Con l’avvento della grande distribuzione, la fabbrica cambia volto. «Abbiamo deciso di essere artigiani. Anche perché c’è stato un momento in cui si parlava di “più latte, meno cacao”. Si credeva fosse più sano (ma anche perché l’aggiunta di latte abbatteva i costi, visto che il cacao è più costoso). Una campagna che, però, ci ha danneggiati». Fabrizio convince il padre Bruno a rivoluzionare tutto. «Abbiamo ridotto il comparto industriale e trasformato la vecchia fabbrica in un concept del cioccolato a 360 gradi, coinvolgendo tutti i sensi. Abbiamo anche un ristorante che fa ricette con il cioccolato, come il cinghiale in dolce forte che viene fatto con il cacao e i cocktail al cioccolato».

Un museo dell'archeologia

«Qui la gente prende la cioccolata su un tavolo dell’Ottocento dove si faceva il caramello». C’è chi lo definisce un vero e proprio museo. «Abbiamo esposta un’archeologia industriale». Come gli stampi di acciaio a muro, che ora non si possono usare più (ndr, per una questione acustica), e l’incartatrice dell’Acme Bologna, leader mondiale del settore. «È stata una scelta di recupero industriale vincente: siamo stati menzionati su diverse riviste di arredamento».

Un cioccolato per tutti 

Il cioccolato, si sa, è molto costoso. San Lorenzo, invece, nasce come quartiere popolare. Com’è riuscita una fabbrica a sopravvivere tutto questo tempo? «A Pasqua lo comprano tutti. È quello il momento in cui ti ricongiungi con qualsiasi livello sociale.

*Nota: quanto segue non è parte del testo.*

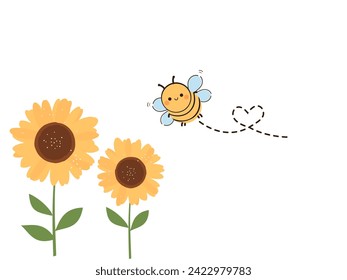 Sunflower field, bee cartoon and heart dot line icon set isolated on white background vector illustration.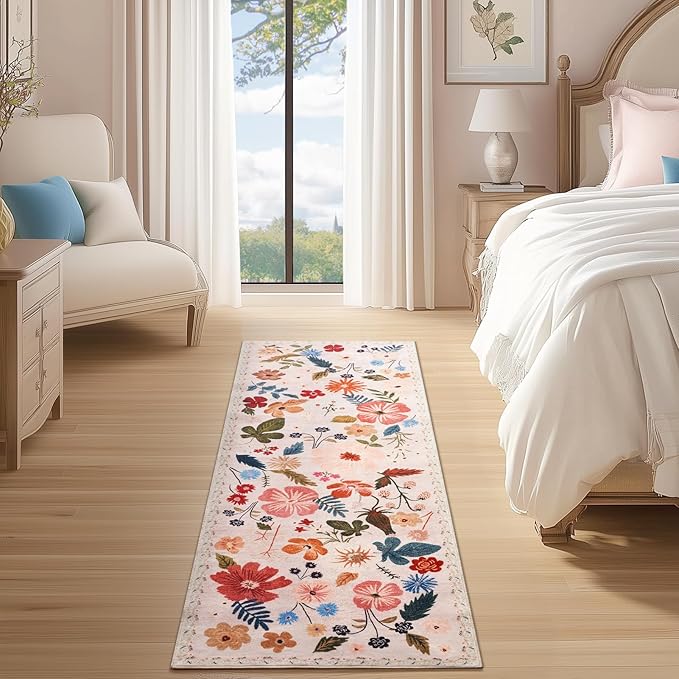 2x6 Runner Rugs for Hallways Non Slip with Rubber Backing Stain Resistant Area Rug Washable Beige Boho Floral Ultra-Thin Carpet Rugs Indoor for Entryway Kitchen Bedroom Laundry Bathroom Stairwell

Mi ricordo da piccolo che la fabbrica si riempiva di gente, tutti portavamo amici e parenti per aiutare a lavorare». Appesa c’è anche una forma di uovo gigante. «Arrivavamo a fare uova di Pasqua di circa 15 kg». Un prodotto reso quindi più popolare e accessibile. «Su questo siamo iconici. Per noi la cioccolata non è un gioiello, è qualcosa che devi vivere. Ti deve dare gioia».

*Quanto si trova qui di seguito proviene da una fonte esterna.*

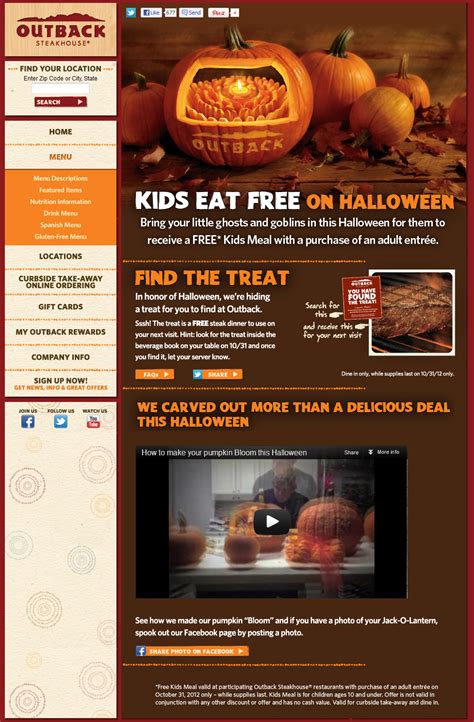 Score Your Free Steak Dinner Plus Kids Eat Free Halloween At Outback Steakhouse Coupon Via The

Oltre 60 gusti di cioccolatini

Ci sono oltre 60 tipi di cioccolatini da Said, per tutti i gusti. «A me piace il cioccolato fondente - risponde Fabrizio -. Mi diverto poi con i crunchy e quelli allo zenzero. E mangio spesso quello con il rosmarino». I cioccolatini più venduti? «Il cremino, quello al pistacchio e quello al peperoncino», specifica una dipendente della fabbrica. Cos'ha di speciale questo posto? «Quando varchi la soglia, capisci tutto al primo sguardo. È come vedere una donna con il Botox e una con le rughe – conclude Carla –. Le rughe raccontano una storia. Questa atmosfera avvolgente ti cattura. Questo luogo ha una sensazione magica».